Your job is to print, exactly, the lines in the data below from the line with "Do you want" through the line with "This is lesson", both included, and to omit any picture.

→ **Records provided**
◇ ◇ ◇ ◇ ◇ ◇ ◇

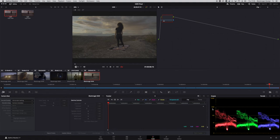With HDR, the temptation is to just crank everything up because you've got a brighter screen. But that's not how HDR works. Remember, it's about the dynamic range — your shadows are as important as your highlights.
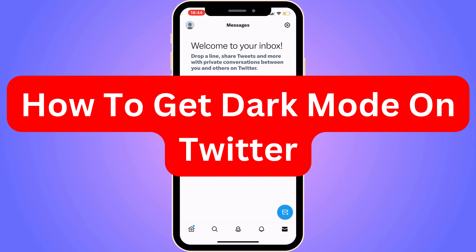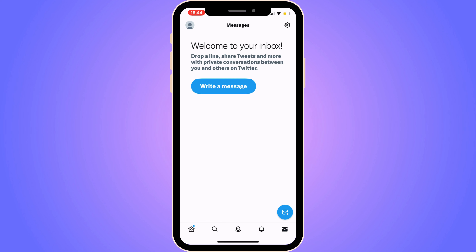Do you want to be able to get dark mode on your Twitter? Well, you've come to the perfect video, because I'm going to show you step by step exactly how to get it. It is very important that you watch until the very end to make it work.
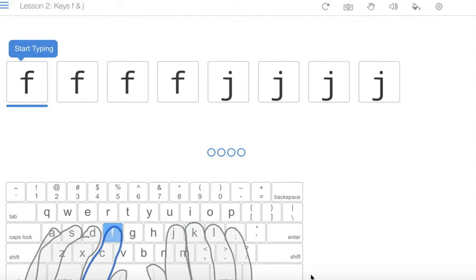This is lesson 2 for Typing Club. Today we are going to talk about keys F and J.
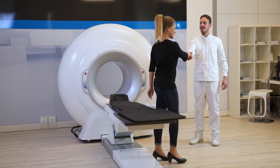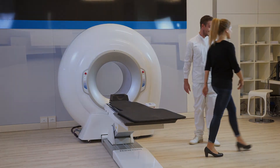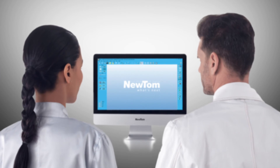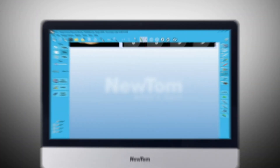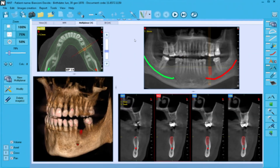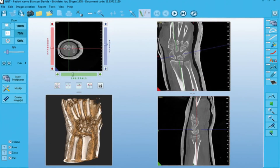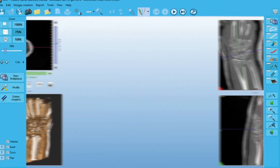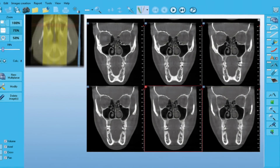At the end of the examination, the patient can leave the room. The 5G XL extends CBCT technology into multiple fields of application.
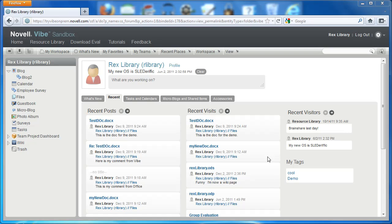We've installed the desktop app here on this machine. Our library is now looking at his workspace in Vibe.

◇ ◇ ◇ ◇ ◇ ◇ ◇

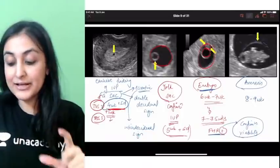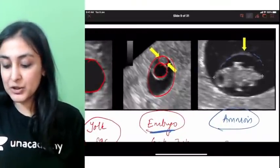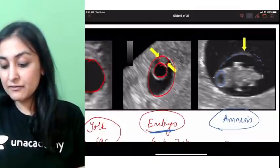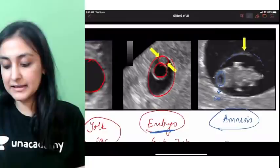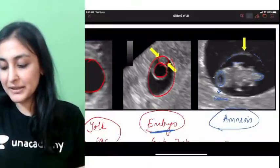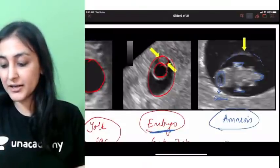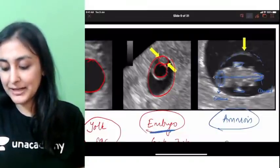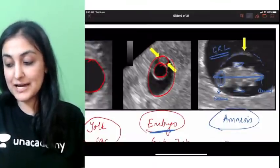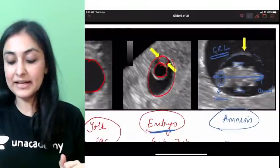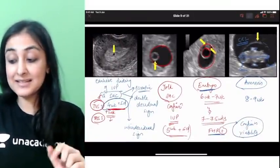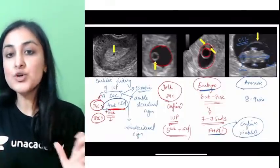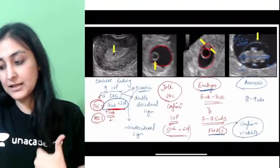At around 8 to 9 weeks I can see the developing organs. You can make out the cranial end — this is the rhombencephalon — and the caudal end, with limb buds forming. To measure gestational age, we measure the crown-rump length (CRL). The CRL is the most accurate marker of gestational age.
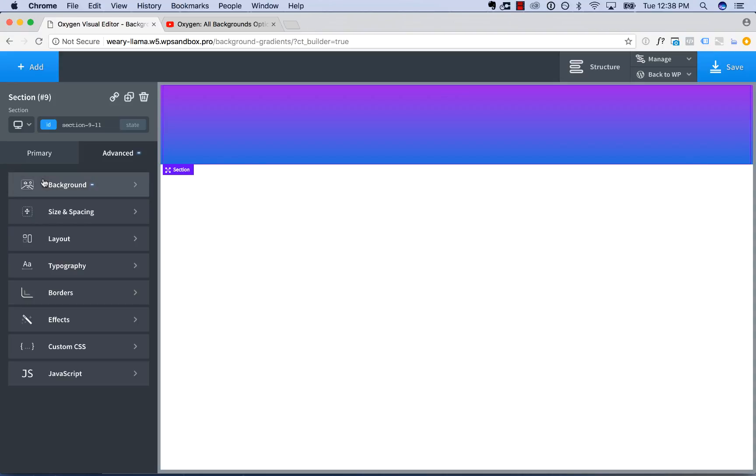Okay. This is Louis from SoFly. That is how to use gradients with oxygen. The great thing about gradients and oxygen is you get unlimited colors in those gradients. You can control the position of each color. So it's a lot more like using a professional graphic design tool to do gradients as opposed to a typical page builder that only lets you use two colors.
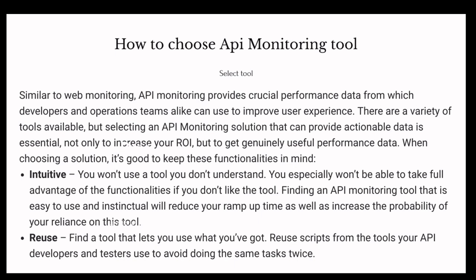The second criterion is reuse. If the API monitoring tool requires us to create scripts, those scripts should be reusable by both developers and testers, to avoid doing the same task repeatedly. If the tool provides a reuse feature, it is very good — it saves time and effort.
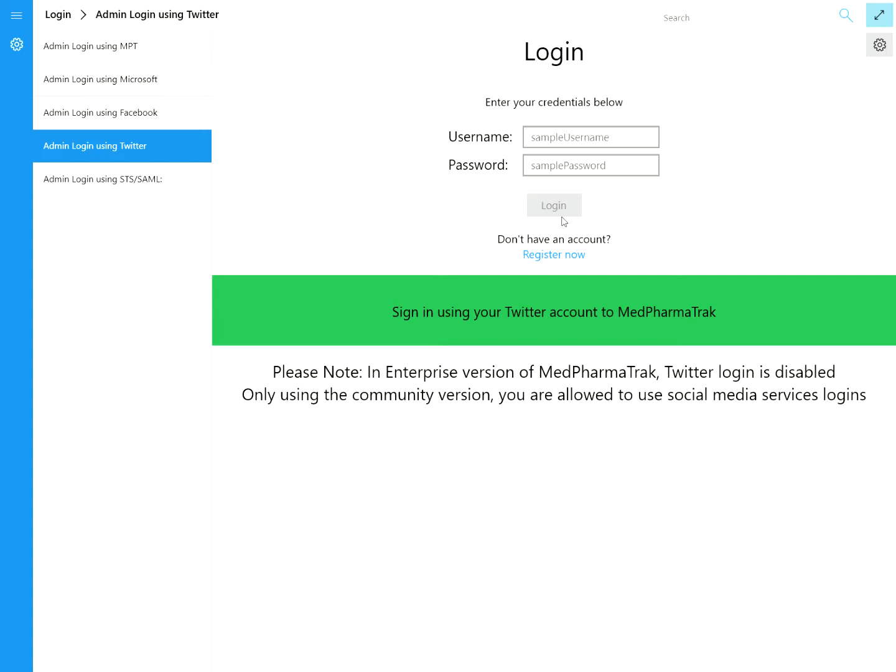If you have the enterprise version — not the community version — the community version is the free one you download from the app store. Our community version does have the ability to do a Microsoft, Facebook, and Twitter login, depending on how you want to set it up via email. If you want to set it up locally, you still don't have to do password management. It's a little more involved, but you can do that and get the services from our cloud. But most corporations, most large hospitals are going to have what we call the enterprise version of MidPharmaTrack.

◇ ◇ ◇ ◇ ◇ ◇ ◇

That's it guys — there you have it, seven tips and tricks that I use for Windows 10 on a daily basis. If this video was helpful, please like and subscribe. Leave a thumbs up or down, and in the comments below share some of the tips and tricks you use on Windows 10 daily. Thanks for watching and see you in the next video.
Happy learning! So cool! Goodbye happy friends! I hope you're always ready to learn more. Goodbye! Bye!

◇ ◇ ◇ ◇ ◇ ◇ ◇

→ **Solved exercise**
Do you want to be able to get dark mode on your Twitter? Well, you've come to the perfect video, because I'm going to show you step by step exactly how to get it. It is very important that you watch until the very end to make it work.
This is lesson 2 for Typing Club. Today we are going to talk about keys F and J.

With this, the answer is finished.